Resumo: Este trabalho apresenta uma reflexão sobre as funções sociais do conhecimento científico, bem como de suas formas de socialização na sociedade contemporânea. Partindo do campo da Lingüística Sistêmica Funcional em diálogo com perspectivas filosóficas e discursivas da divulgação científica, o conhecimento científico e suas representações são aqui tomados como inevitavelmente associados a interesses políticos e econômicos, contextos sociais e culturais e a circunstâncias institucionais. Sugerese que a ciência e suas formas de apropriação e partilha estão longe de ser socialmente neutras, influenciando e sendo influenciadas pelas relações estabelecidas entre os vários grupos de atores envolvidos de diferentes maneiras na constituição da sociedade.

Palavras-chave: Ciencia, divulgação, discurso.

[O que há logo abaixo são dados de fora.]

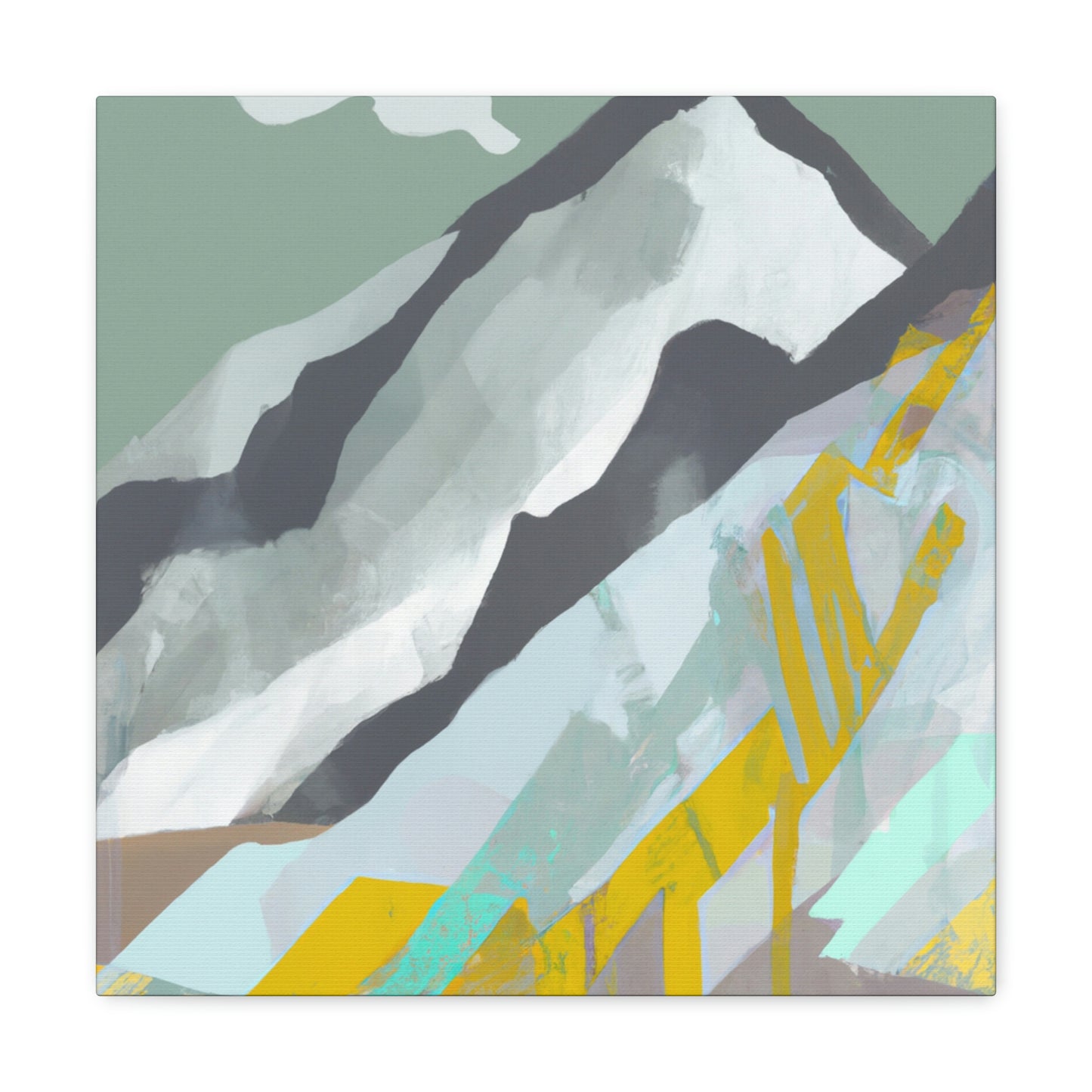 Mountain Majesty Painting - Canvas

Abstract: This paper presents a discussion of the social functions of scientific knowledge and its forms of socialization in contemporary society. Drawing on Systemic Functional Linguistics in association with philosophical and discursive perspectives of scientific popularization, scientific knowledge and its representations are here taken as inevitably related to political and economical interests, social contexts and institutional and cultural circumstances. It is argued science and its forms of appropriation and sharing are far from being socially neutral, influencing and being influenced by the relations established among the various groups of actors involved in different ways in society constitution.

Key words: Science, popularization, discourse.

1 Licenciada em Filologia Inglesa, Mestre em Análise do Discurso e Doutorada em Lingüística Aplicada pela Universidade Federal de Minas Gerais (Belo Horizonte). Seus interesses de pesquisa se relacionam à elaboração de perspectivas discursivas da divulgação científica. Atualmente, Janaina Mielli de Oliveira colabora no Observatório de Comunicação Científica da Universida de Pompeu Fabra (Barcelona).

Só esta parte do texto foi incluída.